# Hunts Freehub Noise



## junkie_ball (3 Aug 2019)

I just got a pair of hunts 4050 carbon wheels. I expected the free hub to be noisy from reading reviews but could never imagine it would be so noisy. Will a free hub quiet down a tad once they bed in? (mine literally only have 40 miles on). I don't really want to start trying to put lube in the quiet them down if i can help it.


----------



## boydj (3 Aug 2019)

Noisy? Compared to what? I've had Hope, Hunt, Campag, Shimano and Mavic hubs. Nothing beats the Hope for noise, but the Campag is not far behind, then the Hunt. Check with Hunt to find out if they can be quietened.


----------



## Yellow Saddle (3 Aug 2019)

Ratchets can generally be quietened down by over-greasing. You have to experiment with quantity and quality of grease because overstepping it can cause the hub to not engage. Noisy clutches such as Chris King cannot be silenced that way. Live with it or buy a quality product such as Shimano.


----------



## derrick (3 Aug 2019)

I keep greasing my wifes hunt wheels. Keeps them quiet for a while. A couple of weeks later they are noisy again.
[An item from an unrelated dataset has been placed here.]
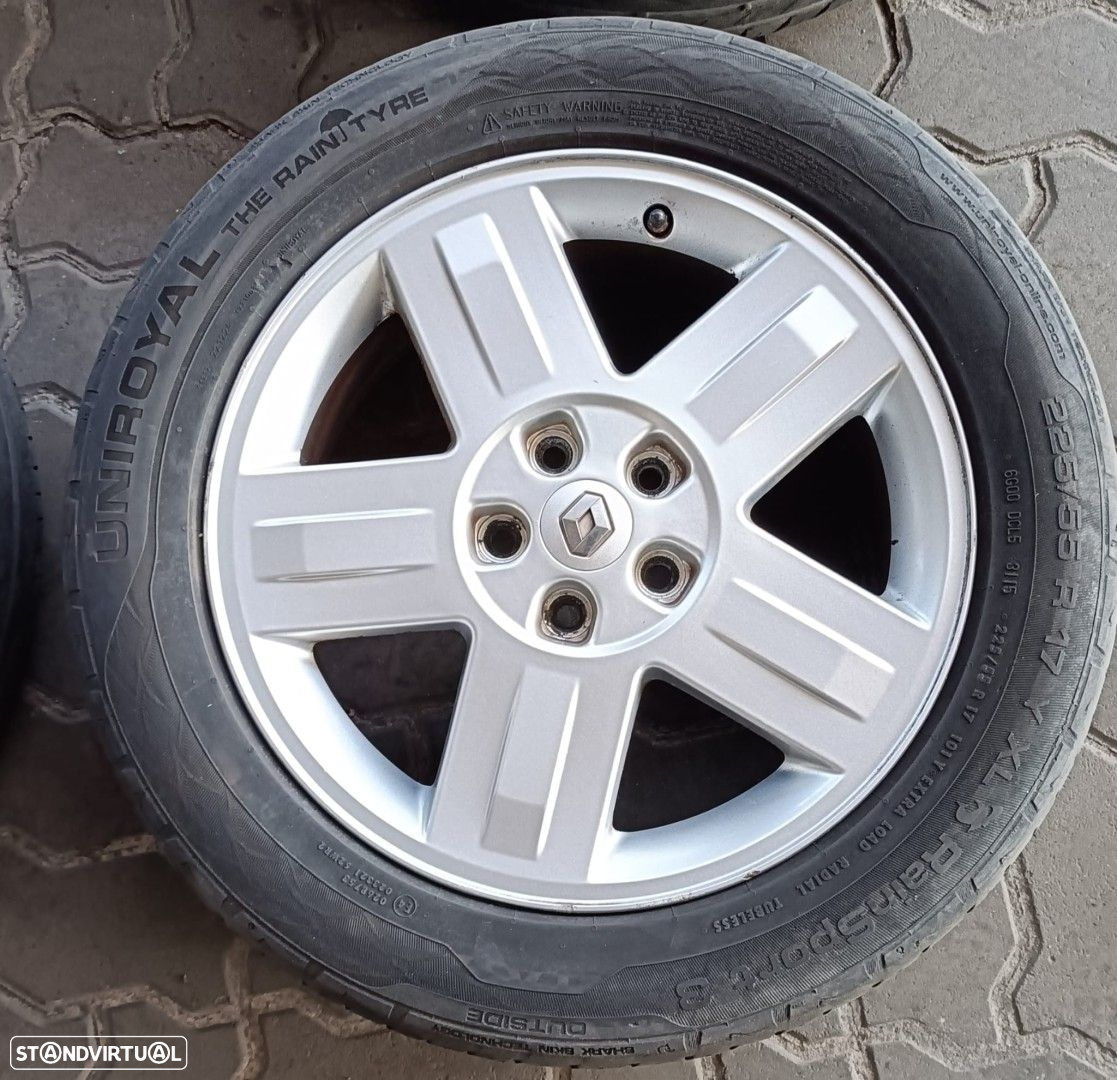Jantes Renault R17 com pneus 225/55 furação 5x108 ET50 - 4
We make her ride at the back of the group.


----------



## Fab Foodie (3 Aug 2019)

You should be bloody pedalling, not freewheeling!


----------



## StuAff (3 Aug 2019)

Try a set of Fulcrum Racing 5s......


----------



## robgul (4 Aug 2019)

I thought that expensive wheels were made with noisy hubs so that other riders knew you had expensive wheels?

Rob


----------



## ColinJ (4 Aug 2019)

Noisy freehubs used to very useful as a warning to dozy pedestrians who walked out in front of you without looking - the angry click-clacking sound would soon have them leaping back onto the pavement to safety.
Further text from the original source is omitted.